Nate, my friend, I'm confused! My world is spinning with your thread! Is this the same Nate who has taken it upon himself to be a foster parent to so many needy kids? Raised them, helped them acheive their goals and now has "ENS"? Surely, you haven't saved all of the kids in LA, or have you? My hat is off to you for doing that. Now stop and think about this. You've done a lot of good for a lot of folks. Maybe it's time for some quality Nate time. If you truly have an empty nest, do what you want to do for you. Take an extra long ride this weekend on your bike, no time schedules, no worries. Go up to Sullivan's Curve and stay there 'til you see 3 trains all at once. Always remember, as long as there's this forum, you've got several people who need your companionship and advise. You've got a full nest here!!

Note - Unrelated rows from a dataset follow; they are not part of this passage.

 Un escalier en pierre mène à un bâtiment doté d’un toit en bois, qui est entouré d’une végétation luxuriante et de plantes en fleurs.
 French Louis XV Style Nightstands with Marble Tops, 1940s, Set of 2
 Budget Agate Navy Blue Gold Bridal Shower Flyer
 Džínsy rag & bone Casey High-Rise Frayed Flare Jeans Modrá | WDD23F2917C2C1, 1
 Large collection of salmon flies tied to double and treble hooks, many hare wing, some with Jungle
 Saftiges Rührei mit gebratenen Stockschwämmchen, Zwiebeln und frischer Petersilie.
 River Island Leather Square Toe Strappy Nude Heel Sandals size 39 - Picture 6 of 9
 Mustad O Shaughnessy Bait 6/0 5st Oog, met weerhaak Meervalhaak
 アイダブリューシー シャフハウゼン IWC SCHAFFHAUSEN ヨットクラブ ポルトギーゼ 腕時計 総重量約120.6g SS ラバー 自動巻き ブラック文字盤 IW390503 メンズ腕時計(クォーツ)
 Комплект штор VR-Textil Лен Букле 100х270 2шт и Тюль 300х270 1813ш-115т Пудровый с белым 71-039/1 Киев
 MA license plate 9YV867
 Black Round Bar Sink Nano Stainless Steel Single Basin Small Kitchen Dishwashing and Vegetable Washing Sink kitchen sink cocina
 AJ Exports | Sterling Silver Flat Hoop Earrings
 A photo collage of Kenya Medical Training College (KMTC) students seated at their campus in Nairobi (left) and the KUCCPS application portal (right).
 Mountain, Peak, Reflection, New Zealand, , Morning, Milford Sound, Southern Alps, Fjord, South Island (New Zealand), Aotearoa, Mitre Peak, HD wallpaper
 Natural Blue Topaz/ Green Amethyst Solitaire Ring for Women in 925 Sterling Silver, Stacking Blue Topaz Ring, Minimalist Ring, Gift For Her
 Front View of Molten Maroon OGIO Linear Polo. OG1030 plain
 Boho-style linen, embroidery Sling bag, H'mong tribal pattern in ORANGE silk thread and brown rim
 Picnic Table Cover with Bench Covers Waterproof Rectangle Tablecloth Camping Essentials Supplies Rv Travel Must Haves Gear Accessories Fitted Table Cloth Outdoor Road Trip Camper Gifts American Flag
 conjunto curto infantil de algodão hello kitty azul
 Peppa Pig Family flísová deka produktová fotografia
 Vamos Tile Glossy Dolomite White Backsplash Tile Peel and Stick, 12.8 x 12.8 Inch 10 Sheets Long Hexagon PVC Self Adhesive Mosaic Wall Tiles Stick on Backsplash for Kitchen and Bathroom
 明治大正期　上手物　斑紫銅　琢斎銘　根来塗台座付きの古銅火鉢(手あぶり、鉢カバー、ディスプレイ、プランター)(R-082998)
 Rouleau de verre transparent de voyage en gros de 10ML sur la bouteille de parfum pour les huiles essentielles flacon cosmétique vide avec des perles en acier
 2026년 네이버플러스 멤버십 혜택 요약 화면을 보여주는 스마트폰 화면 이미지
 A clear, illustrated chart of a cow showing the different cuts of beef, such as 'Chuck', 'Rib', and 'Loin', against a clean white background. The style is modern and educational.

Thanx guys ; here's how it works : I maintain my house in The Ghetto , the Foster Boys live with my G.F. in her place in a much nicer part of town . I like to spend time with her and all but I also like to sleep in my own bed . My son is turning 29 in a month or so and he's off and gone most of the time , lives with his mother 3 blocks from my house . I miss having my own family under my own roof . Life goes on I guess . I have been riding my Moto alot of late . Glenn , I'll go read your PM now .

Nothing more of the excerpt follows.